* Data for this task:
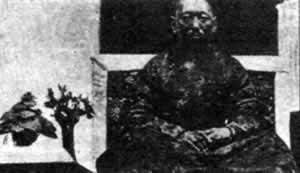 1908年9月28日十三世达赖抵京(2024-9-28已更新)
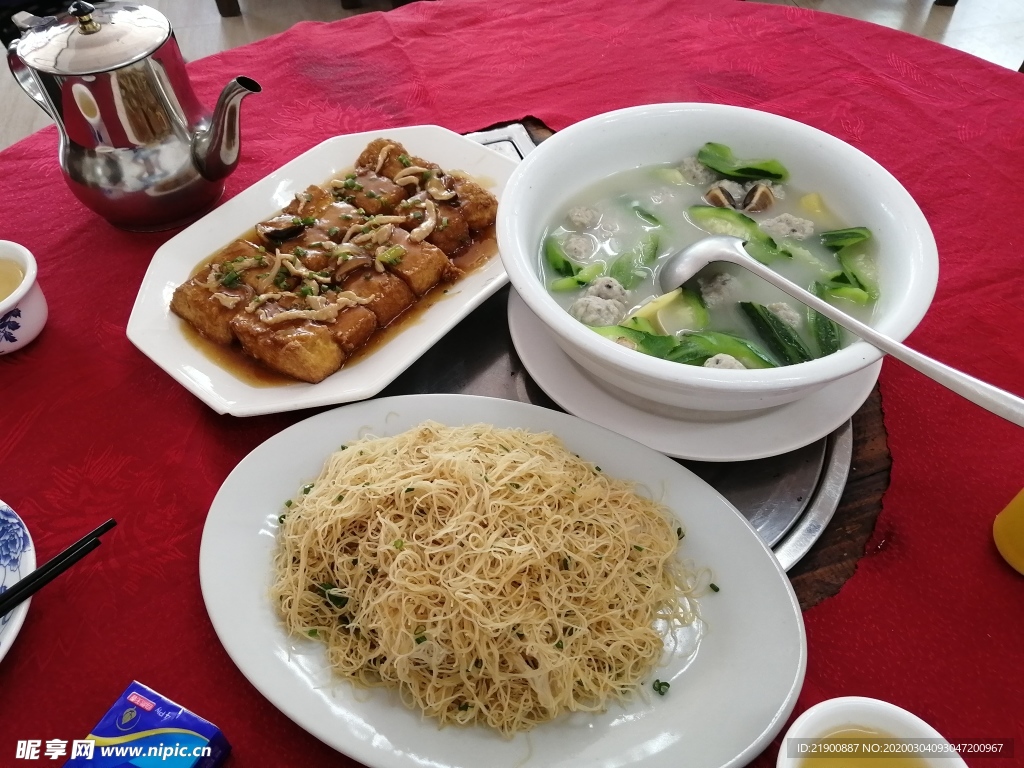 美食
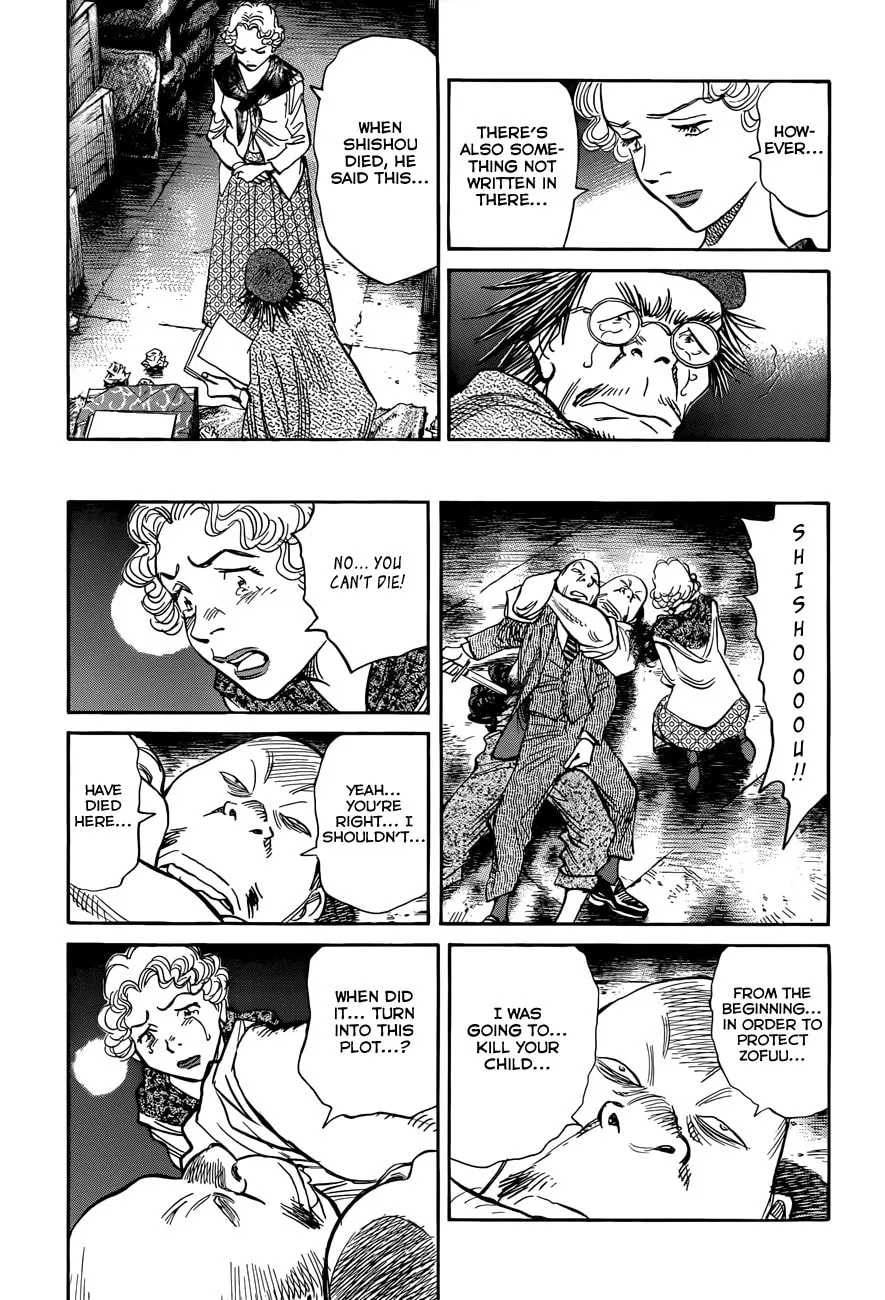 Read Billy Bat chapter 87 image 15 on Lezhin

---

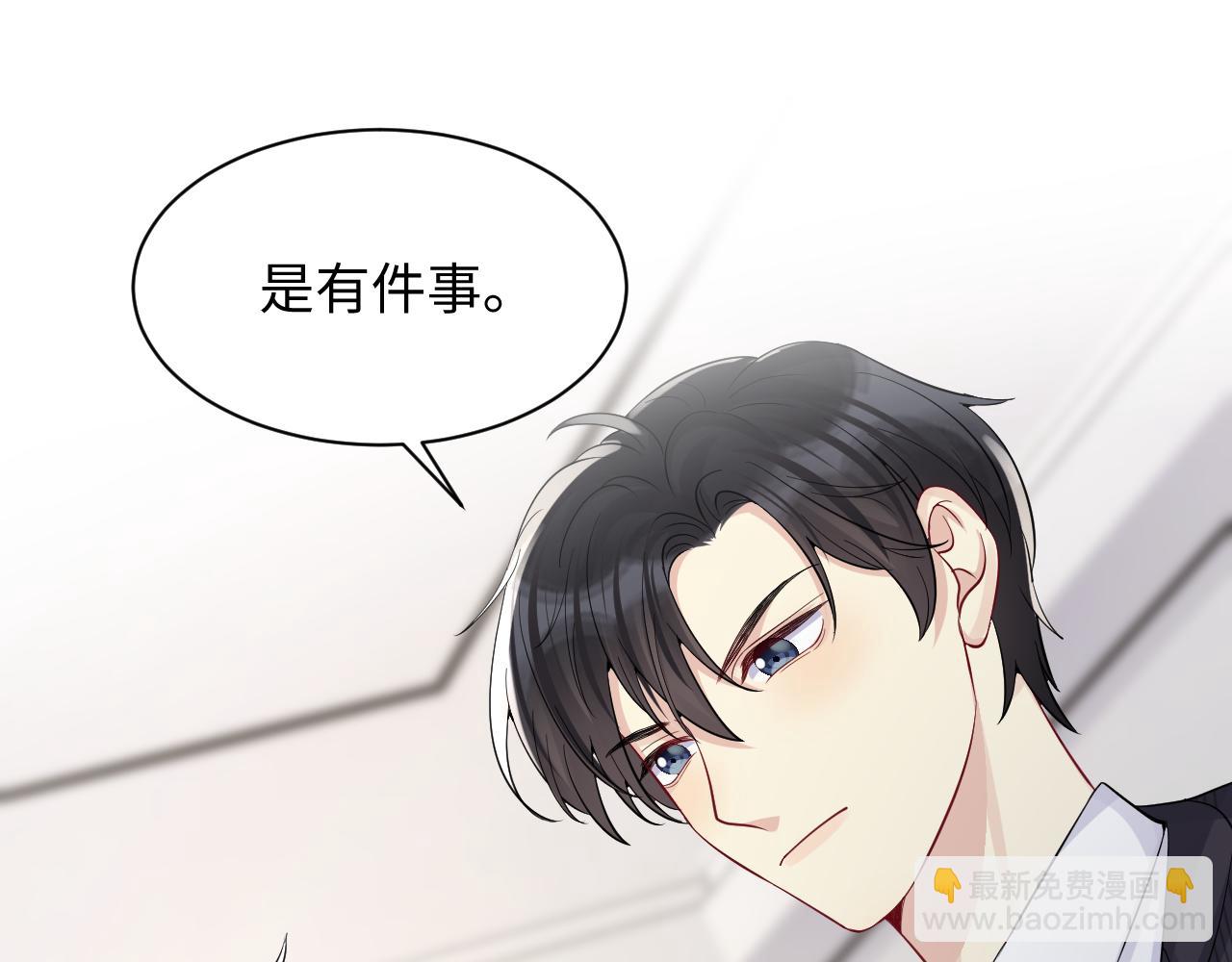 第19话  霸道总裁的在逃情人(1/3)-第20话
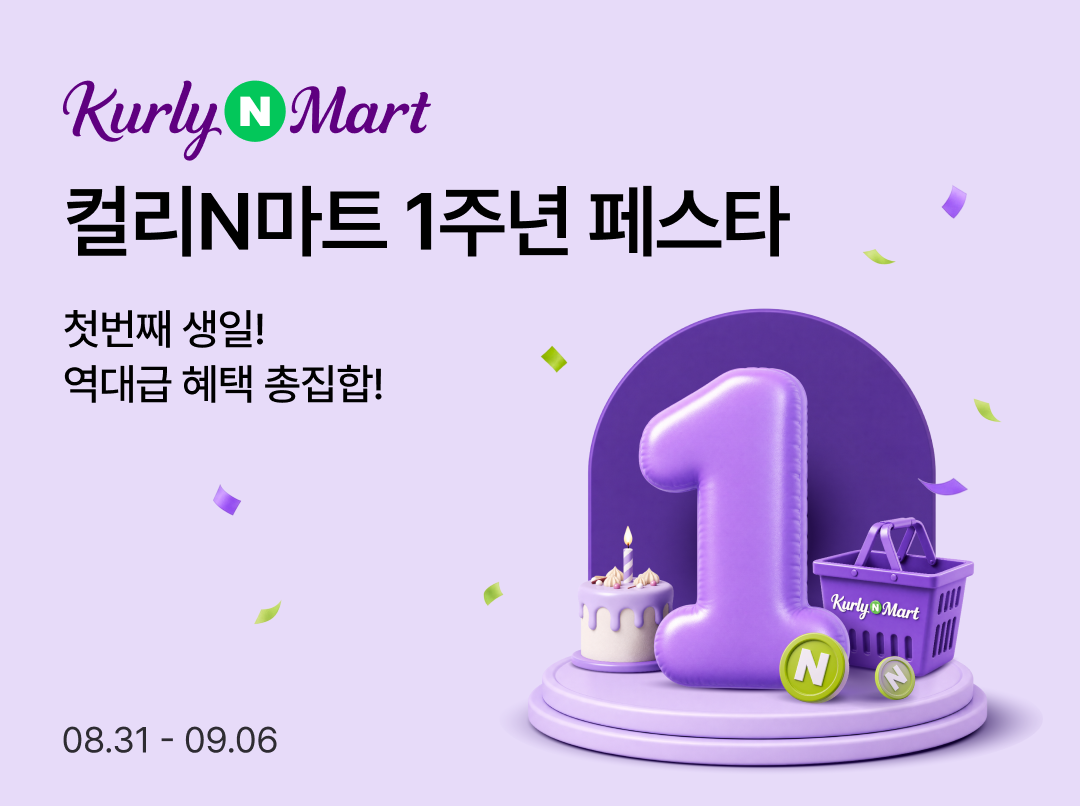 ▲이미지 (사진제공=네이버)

...

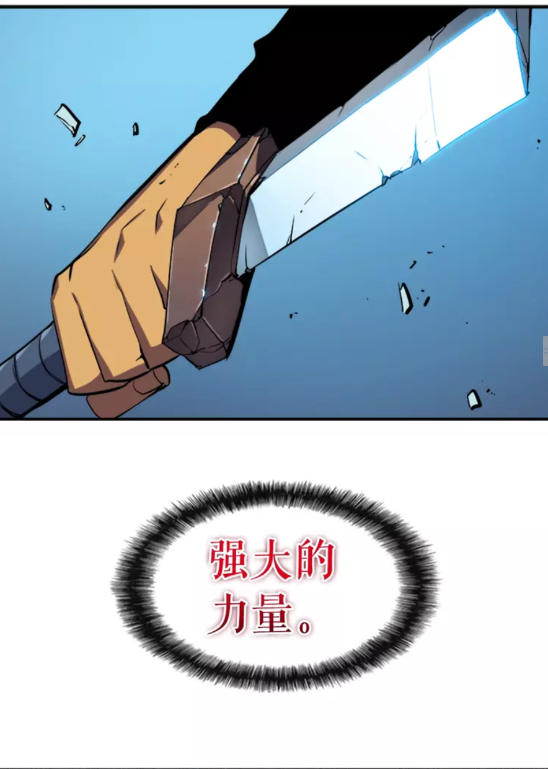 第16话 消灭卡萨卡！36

* Your objective:
Reproduce the listing above from the line that holds "1908年9月28日十三世达赖抵京(2024-9-28已更新)" through the line that holds "Read Billy Bat chapter 87 image 15 on Lezhin", both included, with the pictures left out.

* Written response:
 1908年9月28日十三世达赖抵京(2024-9-28已更新)
 美食
 Read Billy Bat chapter 87 image 15 on Lezhin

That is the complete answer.